--- TASK GOAL ---
Please reproduce the lines of the records below from the one holding "1.75mm TPU Filament" through the one holding "Carrefour Maglia Uomo", inclusive, skipping all pictures.

EXTRACTED ENTRIES Block Start

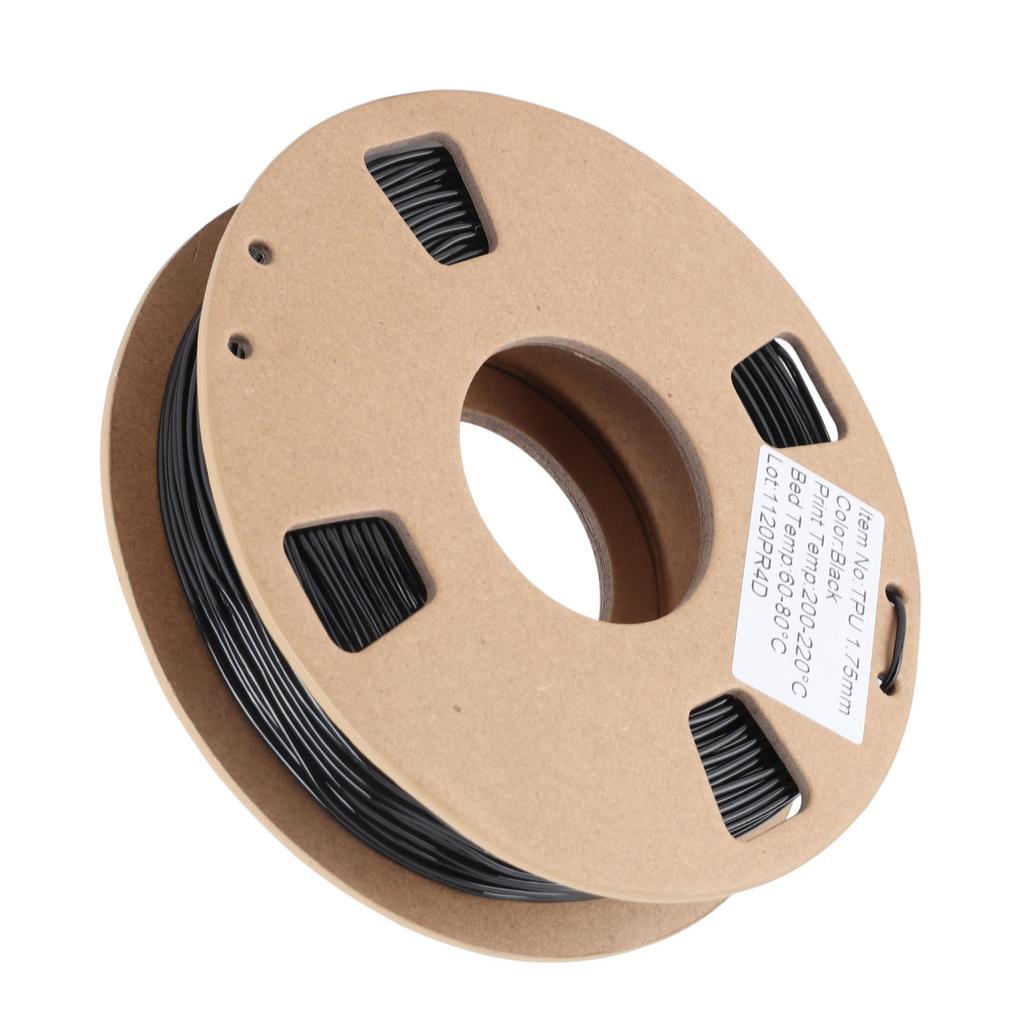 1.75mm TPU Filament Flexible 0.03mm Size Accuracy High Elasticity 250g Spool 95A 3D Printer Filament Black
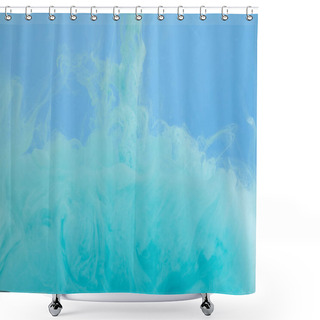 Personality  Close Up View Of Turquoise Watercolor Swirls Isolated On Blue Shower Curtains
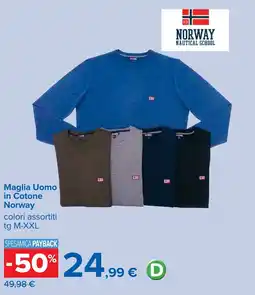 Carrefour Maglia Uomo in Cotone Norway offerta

EXTRACTED ENTRIES Block End
EXTRACTED ENTRIES Block Start

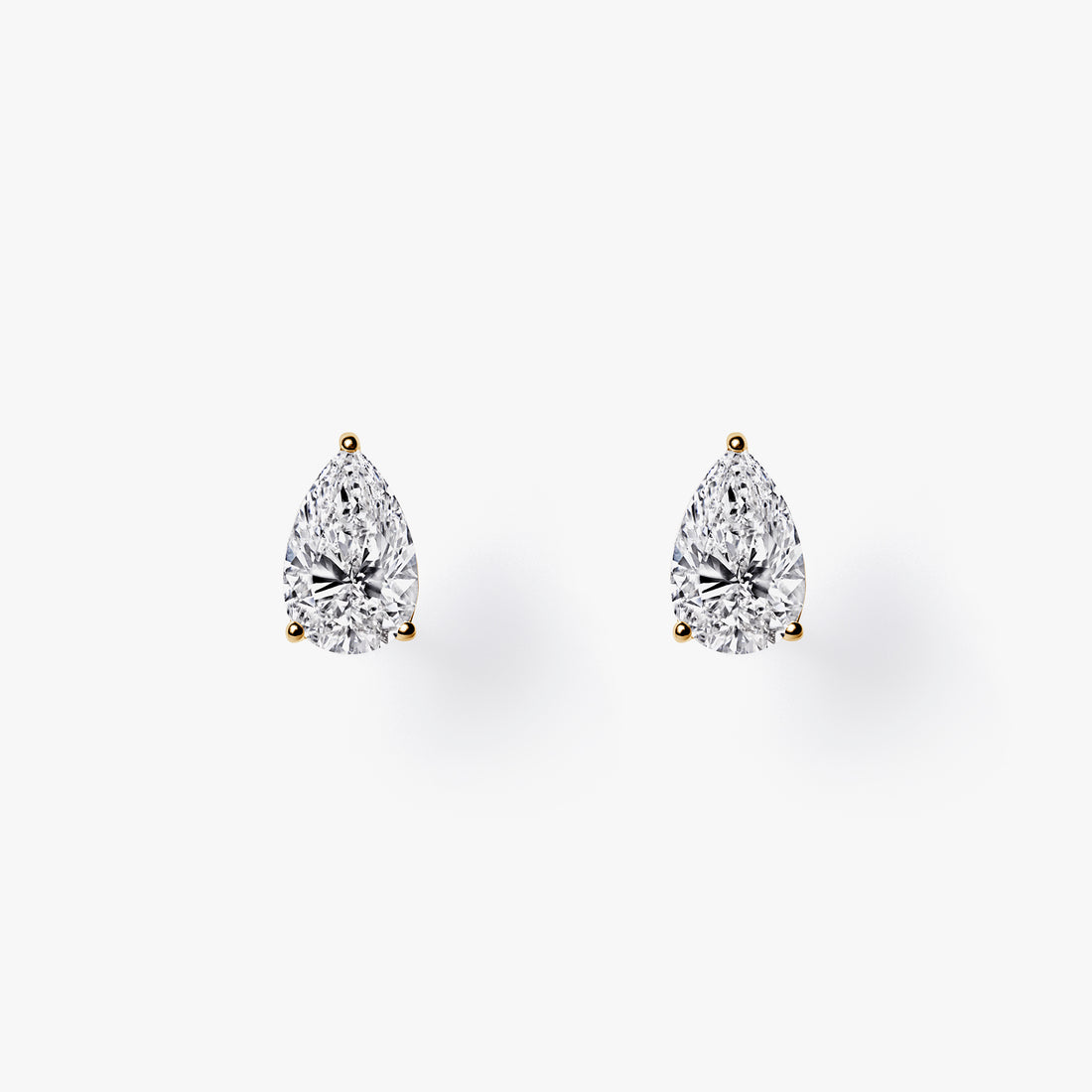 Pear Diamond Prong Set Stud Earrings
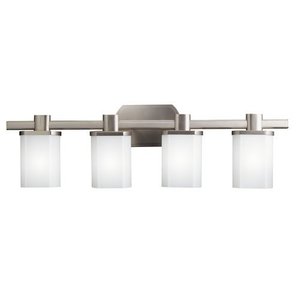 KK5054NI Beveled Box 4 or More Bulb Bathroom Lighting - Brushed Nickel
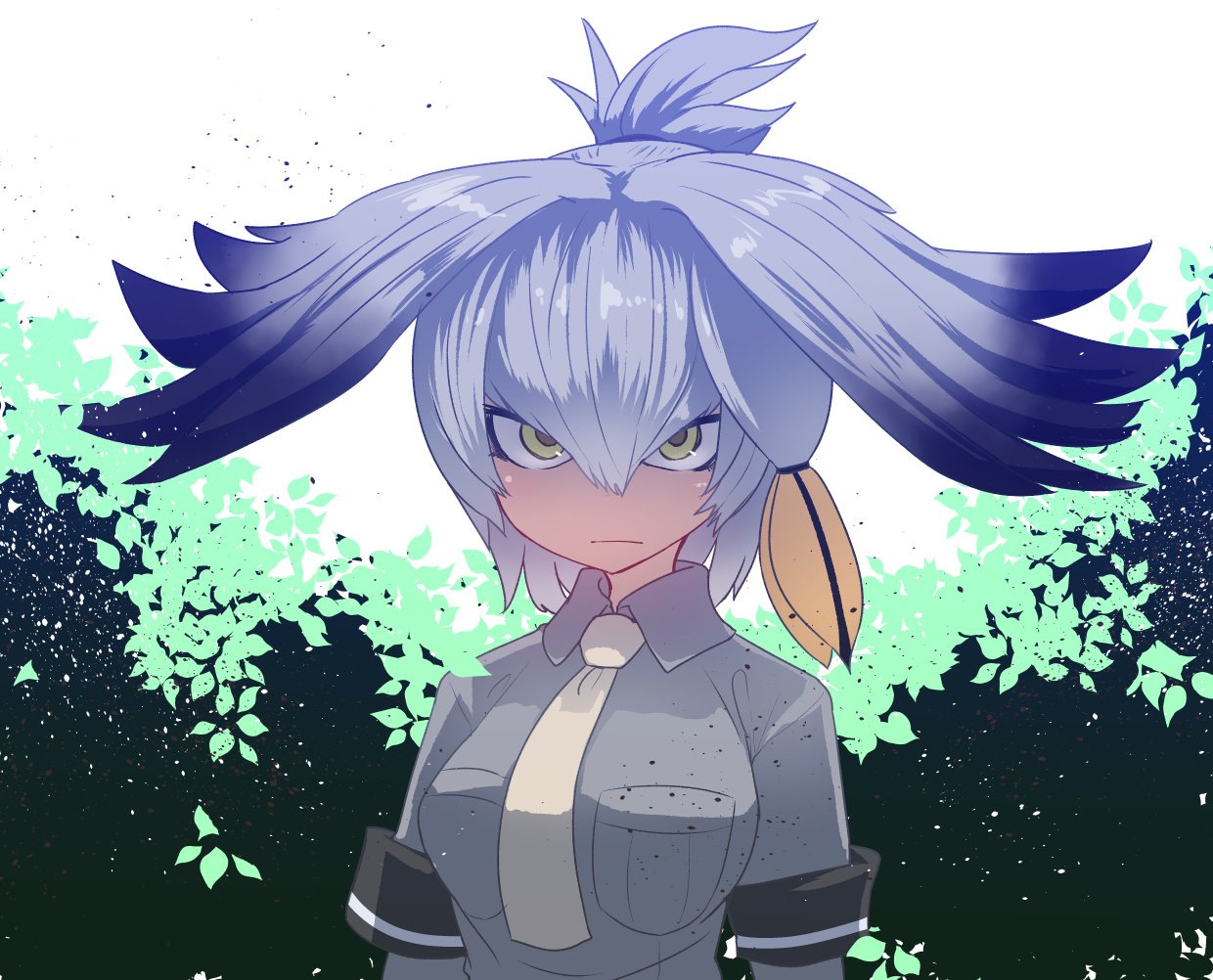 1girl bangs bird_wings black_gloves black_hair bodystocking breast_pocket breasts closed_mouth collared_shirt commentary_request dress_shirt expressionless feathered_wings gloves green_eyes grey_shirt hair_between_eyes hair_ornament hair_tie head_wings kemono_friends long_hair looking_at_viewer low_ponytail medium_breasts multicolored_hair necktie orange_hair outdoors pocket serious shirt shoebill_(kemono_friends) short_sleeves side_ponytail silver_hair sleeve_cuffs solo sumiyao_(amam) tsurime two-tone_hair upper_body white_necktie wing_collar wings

EXTRACTED ENTRIES Block End

--- RESPONSE TO THE EXERCISE ---
 1.75mm TPU Filament Flexible 0.03mm Size Accuracy High Elasticity 250g Spool 95A 3D Printer Filament Black
 Personality  Close Up View Of Turquoise Watercolor Swirls Isolated On Blue Shower Curtains
 Carrefour Maglia Uomo in Cotone Norway offerta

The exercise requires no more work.